PLangRec is a system designed to recognize the programming language of a source code excerpt. It utilizes a character-level deep learning model to predict the language of individual code lines, combined with a stacking ensemble meta-model that leverages the single-line predictions to identify the language from multiple lines of code. Our evaluation shows that PLangRec outperforms state-of-the-art systems for language recognition.
PLangRec is provided as a Python desktop application, web API and web application.
Make sure you have Python installed. Then, install all the required packages:
pip install -r requirements.txt --upgrade
Download both the both common
and the desktop
folders. They must be
subdirectories of the same parent directory (the must be sibling directories).
Finally, run the PLangRec desktop application as a Python program. The model and meta-model will be downloaded from the Internet, so the first execution may take minutes (be patient):
cd desktop-app
python main.py
For a more detailed description of the desktop Python application, please read desktop application.
Make sure you have Python installed. Then, install all the required packages:
pip install -r web-api-requirements.txt --upgrade
Download both the both common
and the web-api
folders.
They must be subdirectories of the same parent directory (the must be sibling directories).
Finally, run PLangRec as a Web API. The model and meta-model and will be downloaded from the Internet, so the first execution may take minutes:
cd web-api
python main.py
Please, see web API for more details about PLangRec's web API.
For the web application, you need to deploy the Web API first because the application consumes the API.
Steps:
- Deploy the Web API in one server.
- Download the
web-app
folder to your web server. - Modify the value of the
WEB_SERVER
variable in theindex.html
file, setting its value to the server where you have the web API (step 1).
The Web application will be ready to work, calling the Web API.
For a more detailed description of the web application, please read web application.

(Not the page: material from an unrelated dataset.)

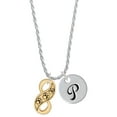 thumbnail image 1 of Delight Jewelry Goldtone Paw Prints Infinity Silvertone Script Initial Disc - P - Charm Necklace, 20"+3", 1 of 4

PLangRec uses a single-line deep model classifier to predict the programming language from the source code.
It uses a bidirectional recurrent neural network (BRNN). We have also tried a multi-layer preceptron (MLP)

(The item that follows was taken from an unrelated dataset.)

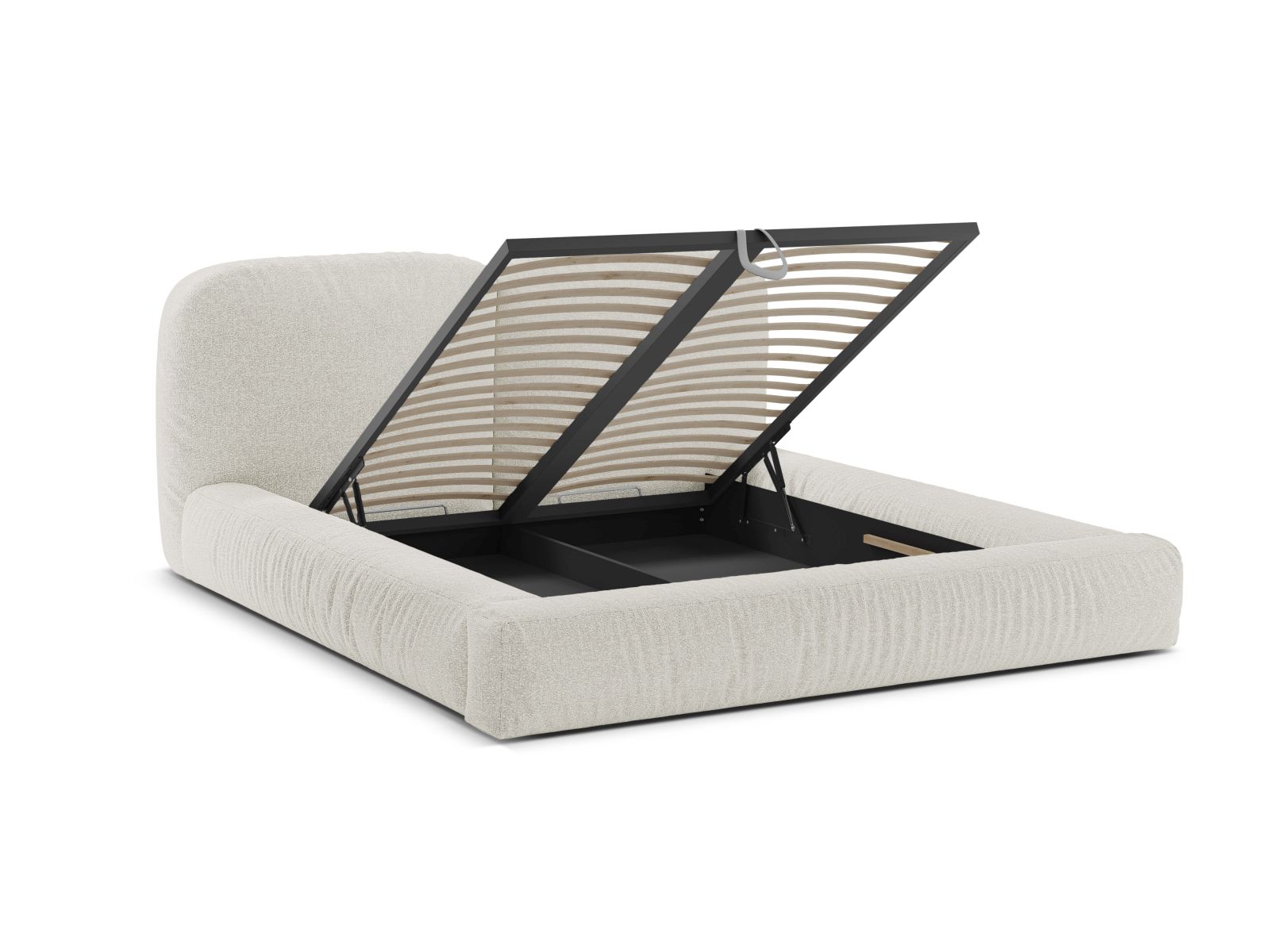 Boucle Storage Bed with Headboard, "Martina", 206x246x101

architecture, but the BRNN achieved better performance.
The BRNN
and MLP
directories included in this repository include the training, validation and evaluation
of both models.
When multiple lines of code are available, PLangRec uses a stacking ensemble meta-model to predict
the programming language. It is a MLP artificial neural network that combines the single-line predictions
to identify the language from multiple lines of code. The meta-model
directory included in this repository
includes the training, validation and evaluation of the meta-model.